Peggy Noonan, of all people, thinks the country has become too infatuated with the “personality” and “charisma” of its presidents.
In her latest Wall Street Journal column, the former Ronald Reagan speechwriter tried to glean some meaning from Diane Blair’s papers on Hillary Clinton.
Noonan concluded that we’ve all been too focused on irrelevant characteristics in our presidents — a trend that started, conveniently, after her hero left the White House.
There is an emphasis on the personality, nature, character and charisma of the president. He gets into dramas. He survives them. He is working out his issues. He is avenging childhood feelings of powerlessness. He is working through his ambivalence at certain power dynamics. He will show dad.
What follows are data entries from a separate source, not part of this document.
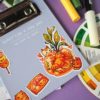 PACK SUNNY — изображение 14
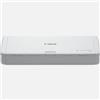 Canon Scanner portatile Canon imageFORMULA R10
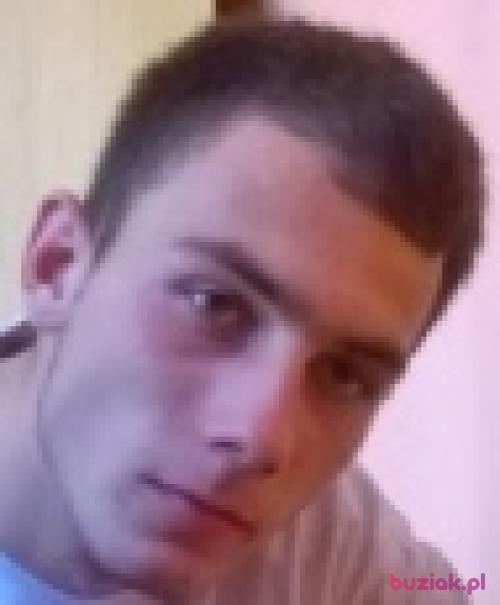 Czrny97, Male, 29 years, Kazimierza Wielka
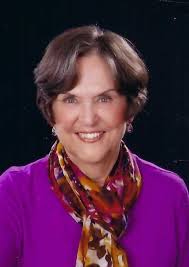 Carrie Hale Obituary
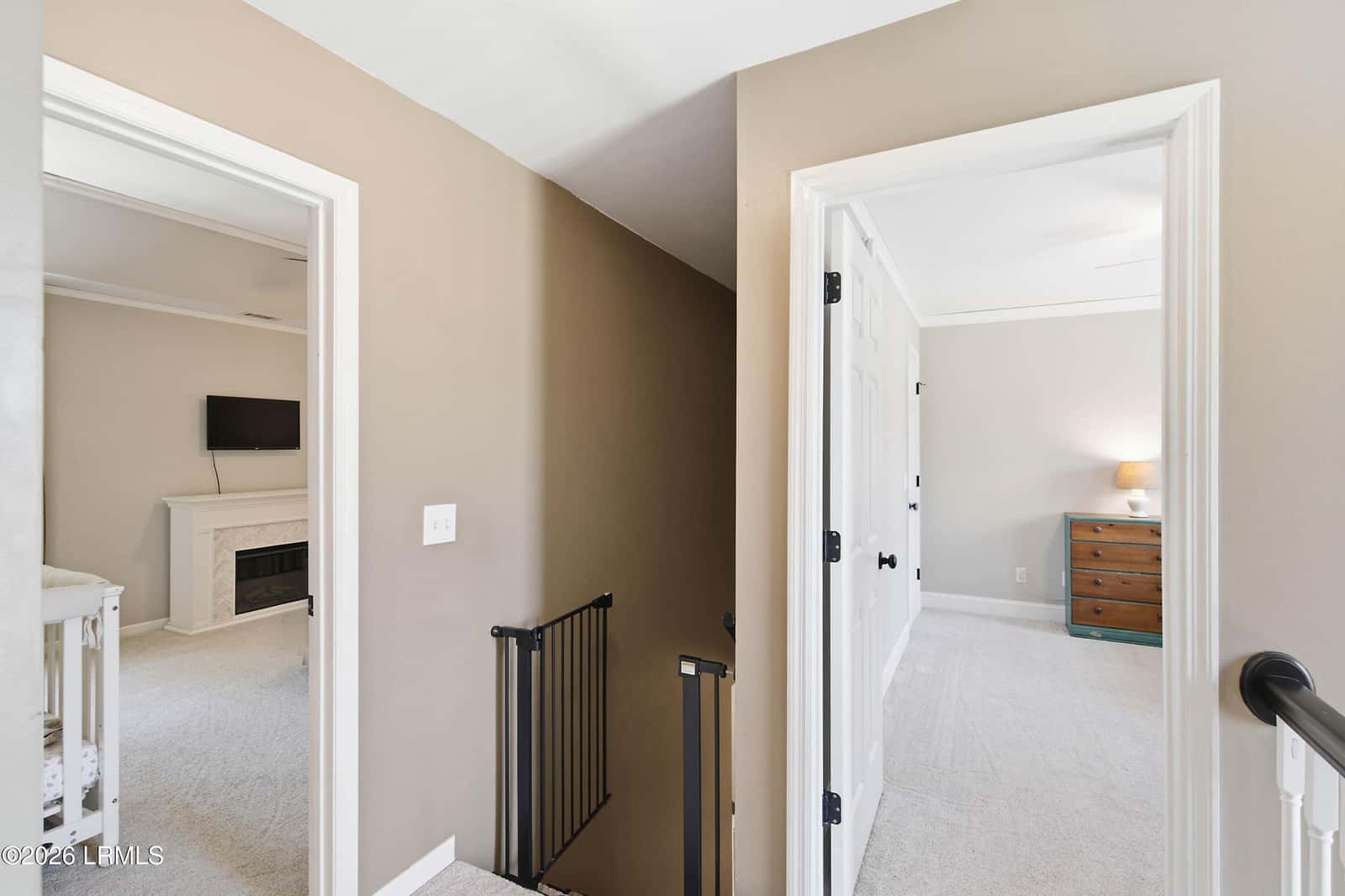 32 Christine Drive, Beaufort, SC 29907 — photo 32 of 53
It’s pretty rich coming from Noonan, who once wrote this in her 2003 Reagan hagiography, “What I Saw at the Revolution”:
Reagan, whom I adored…. He was to popular politics what Henry James was to American literature: He was the master. … He was probably the sweetest, most innocent man ever to serve in the Oval Office. … He was never dark, never mean…. This sunny man touched so many Americans. … Ego ties us all in knots, but not him. … “No great men are good men,” said Lord Acton, who was right, until Reagan.
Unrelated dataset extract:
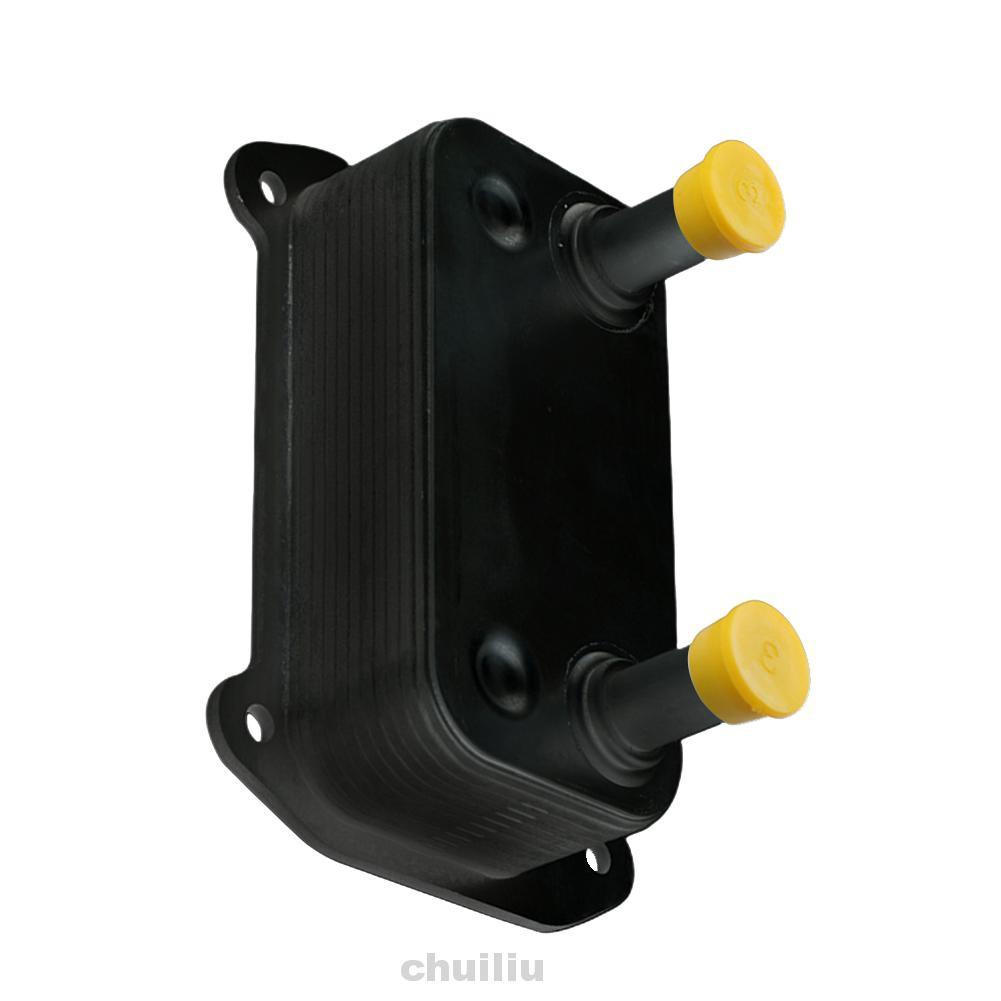 Động Cơ Tản Nhiệt 420888852 Cho Xe Ô Tô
Noonan was also a bit conflicted last year when determining how she evaluates presidents. She told the crowd at Brigham Young University that she’d welcome modesty, a sense of humor and an “easy-going” temperament in future leaders, before seemingly contradicting herself.
“When I think of the future president, I don’t so much think of the personality as I tend to think of what their experience might be that might be applicable to our needs at the moment,” she said.